I need to derive two new fields from the below schema structure - new columns beaver_id and llama_id. There is some if else logic that needs to be applied to an array of struct. The desired end result is a csv output. What is the best approach for this?

Schema:

root
 |-- Animal: struct (nullable = true)
 |    |-- Species: array (nullable = true)
 |    |    |-- element: struct (containsNull = true)
 |    |    |    |-- name: string (nullable = true)
 |    |    |    |-- color: string (nullable = true)
 |    |    |    |-- unique_id: string (nullable = true)

Pseudo Code:

If name == "Beaver" 
   then get unique_id and put in dataframe column "beaver_id"
     else
   null in column "beaver_id"

If name == "Llama"
   then get unique_id and put in dataframe column "llama_id"
     else
   null in column "llama_id"

If array of names does not contain "Llama" or "Beaver"
   then null for both "beaver_id" and "llama_id"

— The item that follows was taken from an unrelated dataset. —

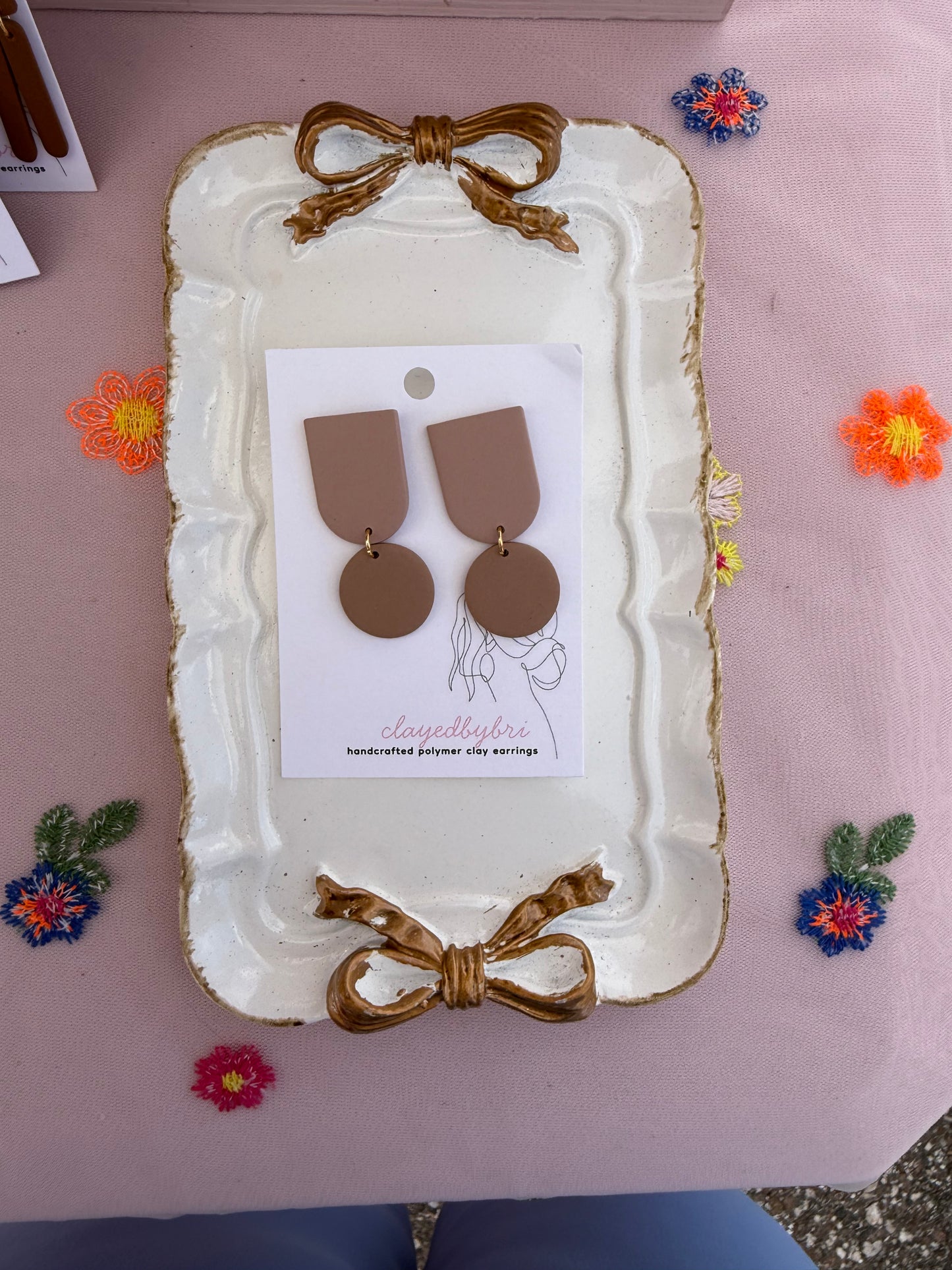 Two-toned Brown Dangles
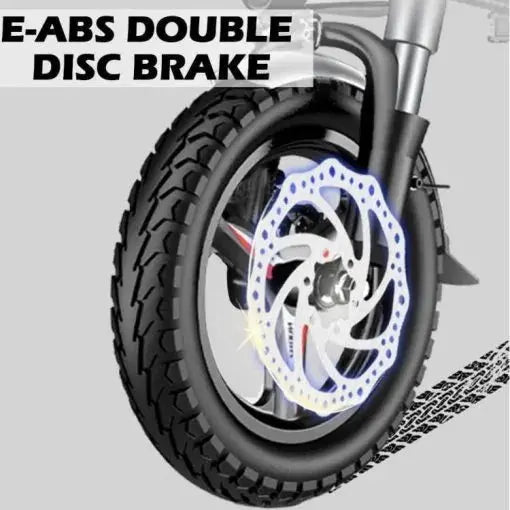 Foldable 250W Electric Fat-Tire Bike for Adults &amp; Teens – Removable Battery. All-Terrain E-Bike (Black)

Currently: I am using select dataframe function to select elements out of the input (parquet) to create a csv output. I am extracting many other elements using this approach besides the ones in this question.

var select_df = raw_df.select(
  col(Animal.Species.name).getField("name")
  col(Animal.Species.color).getField("color")
)

Example Input (in JSON), Actual input is parquet:

{
  "Animal": {
    "Species": [
      {
        "name": "Beaver",
        "color": "red",
        "unique_id": "1001"
      },
      {
        "name": "Llama",
        "color": "blue",
        "unique_id": "2222"
      }
    ]
  }
}

Expected csv output:

beaver_id, llama_id
1001, 2222

Solution

  • You can use filter function on Animal.Species array column like this:

    val select_df = raw_df.select(
      element_at(expr("filter(Animal.Species, x -> x.name = 'Beaver')"), 1)
        .getField("unique_id")
        .as("beaver_id"),
      element_at(expr("filter(Animal.Species, x -> x.name = 'Llama')"), 1)
        .getField("unique_id")
        .as("llama_id")
    )
    
    select_df.show
    //+---------+--------+
    //|beaver_id|llama_id|
    //+---------+--------+
    //|     1001|    2222|
    //+---------+--------+
    

    The logic is quite simple, we filter the array to find the inner struct which holds name = Beaver|Llama and get its unique_id. If not found null is returned.

    Note that since Spark 3, you can also use the filter function within DataFrame API.